Post-Mortem Photography – A Morbid Photographic Legacy Of The Victorian Era
In Toronto some years back, a friend’s younger sister had asked me a question which I was entirely unprepared for. After having just witnessed me shout out all but one correct answer in an episode of Cash Cab, the TV game show, she must’ve felt I was an authority on completely useless information, and asked, ”What were people good at a hundred or so years ago?” Now, I’d been ready to answer questions to list West African dictatorships, or Bond villains in chronological order, or perhaps some obscure fact about JFK, but I was stumped.

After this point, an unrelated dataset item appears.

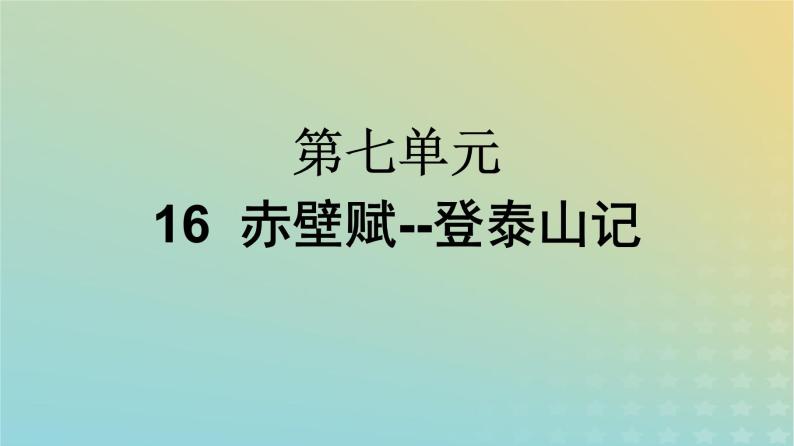 广西专版2023_2024学年新教材高中语文第7单元16赤壁赋登泰山记课件部编版必修上册01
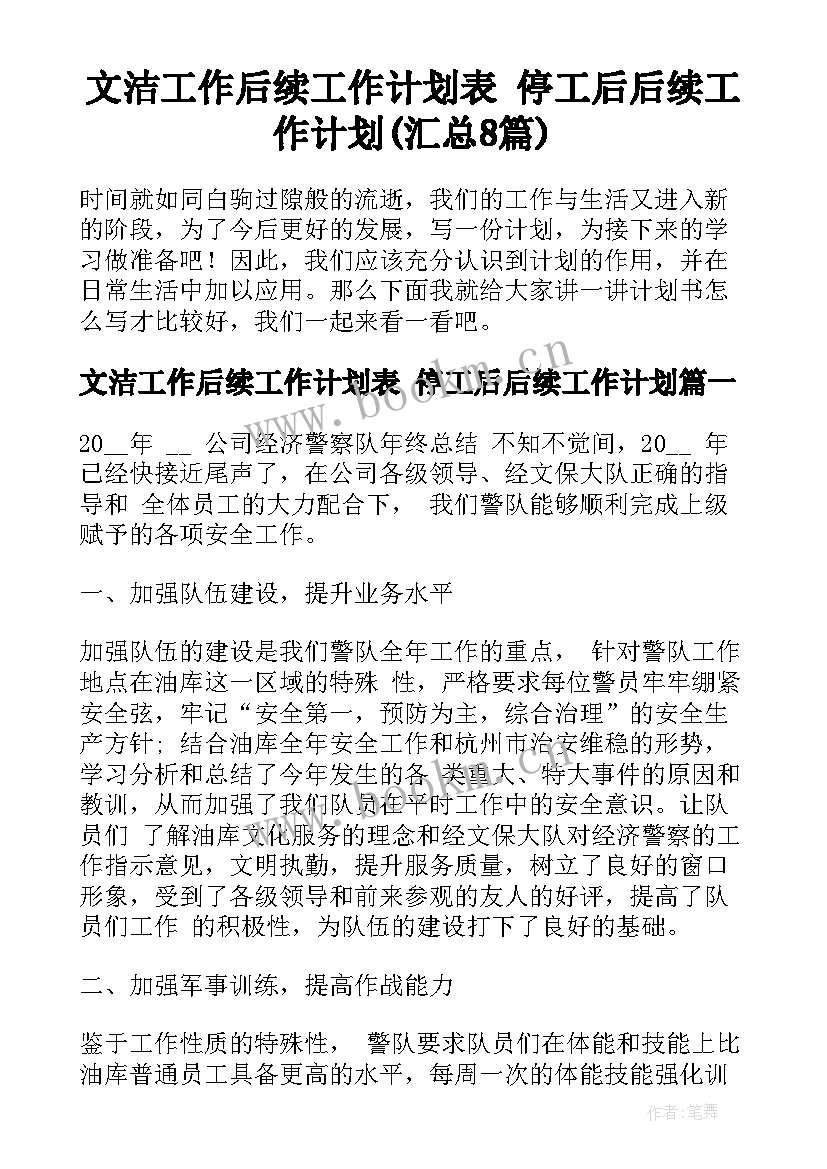 文洁工作后续工作计划表 停工后后续工作计划(汇总8篇)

For some inexplicable reason I vaguely remember saying something along the lines of, “dying,” to which she just gave me a far off look and walked far away. Had she asked me more recently, I would tell her that people in the Victorian Era seemed to be fantastic at dealing with death, rather than implementing it. Sure it was a bit of a renaissance in terms of morality, social reform, and communication revolution, but it was also a time of photographic development, and part of what drove this development was actually death itself. Post-mortem Photography, to be precise.
What Fueled This?
The invention of the daguerreotype brought the option of memorializing loved ones into the realm of affordability for the masses. Then the ‘Carte de visite’ made duplication of small prints easy and amore affordable. It became very popular in the Civil War where military men could mail them in small envelopes. It was all far less expensive than commissioning a painting, and within a few decades even the daguerreotype was phased out for smaller, cheaper, quicker methods. But some of this development was driven by the fact that people wanted their loved ones memorialized, and often chose to do it after they’d died. It was one of the only times many family members would come together.
A lot of this was centered around children due to the high infant mortality rate, but even those of a geriatric persuasion were posed. People rather would have a photo of a dead loved one than none at all. It moved from photos of the body dressed in the coffin, later to manicuring the deceased into a lifelike state, with full dress etc, and posing them in seemingly natural environments. Some went as far as using braces to pose them standing and having the eyes open, and blush added to the cheeks on the photos.
It’s hard to think of doing this today, as death is treated much differently, but it’s incredible to see one area of photography much overlooked, even though it was crucial in the form’s development.